Serious bug in auto-import

Ralf Habacker Ralf.Habacker@freenet.de
Sun Sep 9 11:30:00 GMT 2001


> Paul Sokolovsky wrote:
>
> > CW> Please take a look at the thread "[aida_s@mx12.freecom.ne.jp: A serious
> > CW> bug of "ld --enable-auto-import"]" starting here:
> >
> > CW> http://sources.redhat.com/ml/binutils/2001-08/msg00595.html
> >
> > CW> This is a confirmed bug.  I've tried to analyze it but I can't really
> > CW> come up with a fix; I wonder if a fix is possible at all.  If this
> > CW> problem can't be fixed, I'm going to have to recommend removing the
> > CW> auto-import stuff. (Yes, it's that serious.)
> >
> > CW> PLEASE take a look and at least let me know you've seen it; it was
> > CW> originally reported early Friday morning to the cygwin-apps list, and
> > CW> moved to the binutils list on Saturday.
> >
> >     I'm sorry, I was on vacation abroad.
>
>
> Oh -- this bug cropped up at a "bad" time for you. :-)   Thanks for
> responding.
>
>
> >     Yes, the weird stuff.
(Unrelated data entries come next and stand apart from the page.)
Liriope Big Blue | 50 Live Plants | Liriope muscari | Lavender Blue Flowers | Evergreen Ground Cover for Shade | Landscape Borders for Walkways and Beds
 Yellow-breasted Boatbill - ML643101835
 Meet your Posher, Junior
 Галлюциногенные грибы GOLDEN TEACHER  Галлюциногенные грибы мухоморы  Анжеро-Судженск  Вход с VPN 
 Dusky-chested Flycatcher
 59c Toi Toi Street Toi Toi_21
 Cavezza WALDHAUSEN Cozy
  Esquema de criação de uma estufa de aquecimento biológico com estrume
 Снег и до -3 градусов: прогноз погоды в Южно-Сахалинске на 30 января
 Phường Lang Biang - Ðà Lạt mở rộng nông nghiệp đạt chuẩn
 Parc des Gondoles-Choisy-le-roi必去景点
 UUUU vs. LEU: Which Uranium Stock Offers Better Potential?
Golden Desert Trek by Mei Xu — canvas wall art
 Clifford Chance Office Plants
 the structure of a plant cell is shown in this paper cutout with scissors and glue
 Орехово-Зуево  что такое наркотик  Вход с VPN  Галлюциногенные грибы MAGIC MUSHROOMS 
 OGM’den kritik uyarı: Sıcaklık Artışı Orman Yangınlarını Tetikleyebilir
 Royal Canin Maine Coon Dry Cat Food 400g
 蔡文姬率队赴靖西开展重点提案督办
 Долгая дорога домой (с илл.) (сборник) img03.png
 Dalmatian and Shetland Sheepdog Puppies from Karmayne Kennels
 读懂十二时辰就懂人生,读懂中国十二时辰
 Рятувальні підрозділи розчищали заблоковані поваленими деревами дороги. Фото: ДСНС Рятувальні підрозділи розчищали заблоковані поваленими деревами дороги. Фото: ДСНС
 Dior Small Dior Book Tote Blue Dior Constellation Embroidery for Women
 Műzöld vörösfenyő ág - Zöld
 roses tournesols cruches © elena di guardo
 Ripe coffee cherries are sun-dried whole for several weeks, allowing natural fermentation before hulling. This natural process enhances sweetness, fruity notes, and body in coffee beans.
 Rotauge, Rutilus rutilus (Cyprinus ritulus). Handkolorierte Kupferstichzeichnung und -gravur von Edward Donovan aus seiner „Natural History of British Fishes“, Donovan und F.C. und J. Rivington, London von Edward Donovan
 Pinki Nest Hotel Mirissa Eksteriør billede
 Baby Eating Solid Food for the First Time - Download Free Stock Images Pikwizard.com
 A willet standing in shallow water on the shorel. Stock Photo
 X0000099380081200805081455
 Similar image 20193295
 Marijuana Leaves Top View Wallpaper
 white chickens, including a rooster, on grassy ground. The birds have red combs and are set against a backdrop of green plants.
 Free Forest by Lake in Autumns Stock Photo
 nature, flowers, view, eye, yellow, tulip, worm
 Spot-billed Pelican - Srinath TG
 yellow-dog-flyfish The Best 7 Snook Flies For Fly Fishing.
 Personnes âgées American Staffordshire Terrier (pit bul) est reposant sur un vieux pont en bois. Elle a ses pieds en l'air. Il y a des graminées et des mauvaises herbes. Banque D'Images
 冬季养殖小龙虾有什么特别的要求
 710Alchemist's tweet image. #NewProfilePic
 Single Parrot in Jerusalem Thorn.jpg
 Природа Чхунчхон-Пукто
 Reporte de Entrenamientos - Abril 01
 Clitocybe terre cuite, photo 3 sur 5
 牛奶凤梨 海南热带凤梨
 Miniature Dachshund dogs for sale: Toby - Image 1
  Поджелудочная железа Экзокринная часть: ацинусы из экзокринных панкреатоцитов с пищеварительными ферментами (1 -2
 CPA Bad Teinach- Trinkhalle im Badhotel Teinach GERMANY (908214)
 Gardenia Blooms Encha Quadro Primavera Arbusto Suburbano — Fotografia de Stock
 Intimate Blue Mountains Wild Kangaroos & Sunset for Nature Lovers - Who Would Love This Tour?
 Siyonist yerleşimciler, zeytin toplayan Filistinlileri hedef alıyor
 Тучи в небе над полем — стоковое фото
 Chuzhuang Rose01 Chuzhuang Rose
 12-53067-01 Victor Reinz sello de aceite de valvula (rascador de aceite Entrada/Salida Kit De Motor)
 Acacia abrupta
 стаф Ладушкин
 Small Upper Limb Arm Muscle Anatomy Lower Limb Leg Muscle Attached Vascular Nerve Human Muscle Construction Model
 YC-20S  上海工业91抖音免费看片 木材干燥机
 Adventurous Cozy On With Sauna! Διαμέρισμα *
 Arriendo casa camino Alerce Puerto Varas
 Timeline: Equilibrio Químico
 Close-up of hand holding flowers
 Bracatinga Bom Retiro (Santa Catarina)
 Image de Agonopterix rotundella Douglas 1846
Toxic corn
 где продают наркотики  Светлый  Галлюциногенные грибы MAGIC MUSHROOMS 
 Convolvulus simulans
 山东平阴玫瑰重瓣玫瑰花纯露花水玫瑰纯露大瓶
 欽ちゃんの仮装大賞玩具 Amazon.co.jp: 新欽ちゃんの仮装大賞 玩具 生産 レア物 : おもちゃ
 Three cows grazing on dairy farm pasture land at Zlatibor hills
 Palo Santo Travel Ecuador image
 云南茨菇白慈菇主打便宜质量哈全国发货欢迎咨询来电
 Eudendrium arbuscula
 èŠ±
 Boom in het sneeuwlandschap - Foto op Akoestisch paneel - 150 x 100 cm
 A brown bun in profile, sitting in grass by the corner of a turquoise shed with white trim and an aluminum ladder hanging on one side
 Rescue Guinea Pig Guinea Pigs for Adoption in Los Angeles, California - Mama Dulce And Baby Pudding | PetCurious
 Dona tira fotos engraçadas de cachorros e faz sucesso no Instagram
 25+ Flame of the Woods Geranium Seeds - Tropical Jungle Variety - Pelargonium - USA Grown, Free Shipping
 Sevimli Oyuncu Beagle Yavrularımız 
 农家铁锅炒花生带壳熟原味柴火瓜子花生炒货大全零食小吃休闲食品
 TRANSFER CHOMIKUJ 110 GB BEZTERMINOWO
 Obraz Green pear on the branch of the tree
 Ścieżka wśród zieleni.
Of course, I though about the issue when
> > started to work on auto-import, but my reasoning was misgone along the
> > lines which were evident in this thread too: I confused *relocs* and
> > *import thunks*. The former support addends, the latter - no. Well, I
> > never bothered to check issue afterwards.
> >
> >      How disabling such a misfeature can be? Well, my opinion is that
> > sample code far-fetched and presents, err, bad software design. The
> > only sane usage of accessing external array with constant indexes I
> > can imagine is something like
> >
> >           extern double world_transform_matrix[3][3];
> >           ...
> >
> >      I doubt much code uses such a horror, so losing ability to auto-import
> > contant-offset array for me is not a big loss.
>
>
> Agree.  (NOTE: following paragraph was written before I read the rest of
> your message.  You've already implemented the following! :-)
>
> But, if code DOES use this (assuming we can't "fix" it) -- then the poor
> unsuspecting user should be warned "Attempt to access array via constant
> offset" or some such, with a pointer to some documentation somewhere
> that says "The following idiom is not supported in client code for array
> variables exported from DLLs on pei-386:
>     "array_exported_from_dll[constant_index] = foo"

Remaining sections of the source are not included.